Council split on plans for Dry Creek Reservoir



City officials had bold plans for the Dry Creek Reservoir project. The vision was that it would be a top-of-the-line regional recreation facility. Several roadblocks, however, have cropped up over the last few years. The reservoir vision was first presented in 2016, with construction starting in the spring of 2020. In July of 2022, the City Council halted funding ($4.5 million) for the project and allocated the funds to the now-under-construction Family Park. 

Factors that have inhibited the reservoir’s progress include: 

-Water acquisition and maintaining water levels 

-Safety factors for accessing and entering the water

-The necessity of a retaining wall for the beach sand

-Emergency personnel access and related equipment 

-Water loss and seepage 

-Funding and overall city park priorities


Despite those challenges, many residents have expressed the desire to make progress in making Dry Creek Reservoir and its amenities a reality. On Tuesday, Assistant City Administrator Cameron Boyle gave the City Council an update on the reservoir and potential options for moving forward.

Option one would be the full build-out of the regional park with paved parking, restrooms, recreation rentals, food concessions, a beach, a fish station and a pier. The complete build-out plan has a price tag of $10.1 million. Still, this plan would also require the city to install a pressurized irrigation pipeline at the reservoir adding $10 million to the tally, bringing the total to $20.1 million. 

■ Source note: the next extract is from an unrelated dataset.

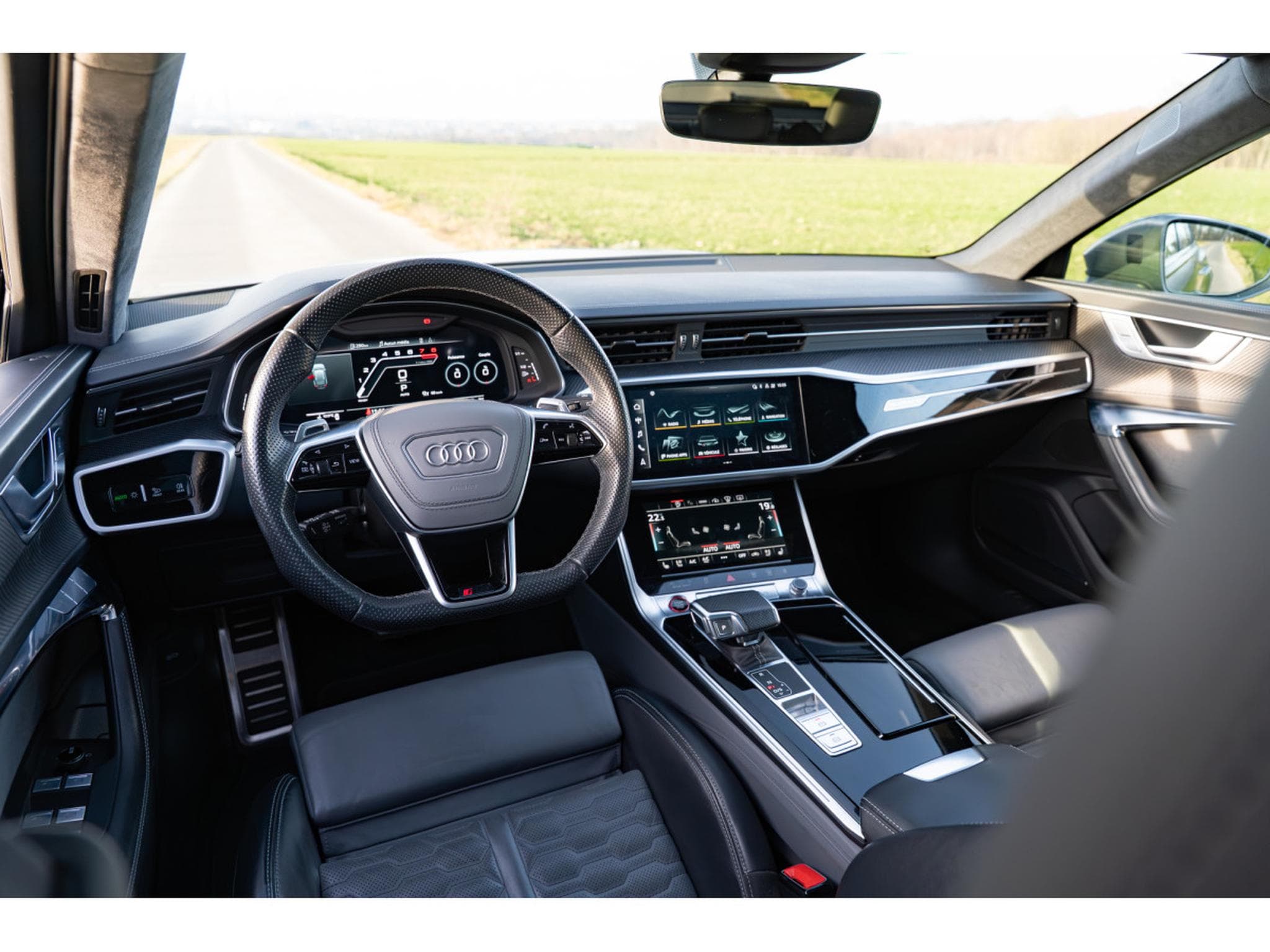 Audi RS6 EXCLUSIVE / B&O / MATRIX (2022) - Photo 9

The ongoing annual costs of that option would be 1,555 staffing hours ($38,875) and $60,700 in maintenance expenses. 

Option two would be a recreational facility like Tibble Fork in American Fork Canyon. The build-out would include paved parking and only have a restroom and fish cleaning station. The park would also have a walking trail around the reservoir. Patrons would need to bring their own recreational equipment. The price tag for option two totals $2 million. Annual costs would be 818 staffing hours ($20,450) and $46,300 in maintenance. This option would only require a minimum of six feet of water with fishing offered or a four feet water level minimum without fish. 

Option three would be an even more minimal approach, with makeshift parking and a trail. The cost is estimated at $300,000. 

After Boyle’s presentation, Councilmembers’ opinions varied significantly in their desires from the bare minimum approach to the full build-out. 

“Going with the bare minimum doesn’t preclude us from getting to full build-out in the future. I would be for the bare-bones options with so many [current] uncertainties,” said Councilman Paul Hancock. 

“I’m not for the bare bones. We sold this to the public as a much nicer project, and we should deliver it,” said Councilwoman Katie Koivisto to counter Hancock. 


“I would like to see the completed parks master plan and how this fits in before deciding,” added Councilwoman Paige Albrecht. The Lehi City Parks Department is in the process of developing an updated Parks Master Plan with the expected completion in October of this year. 

Regarding ongoing funding, Mayor Mark Johnson concluded, “We should have paid parking. It shouldn’t all be on Lehi. Those who use it should help pay for it.”

The discussion was part of a work session meeting where no actions were taken. The Council and staff will continue deliberation on the future of the park. Funding sources and other park priorities like the Mellor Rhodes Sports Complex will be at the forefront of the conversation.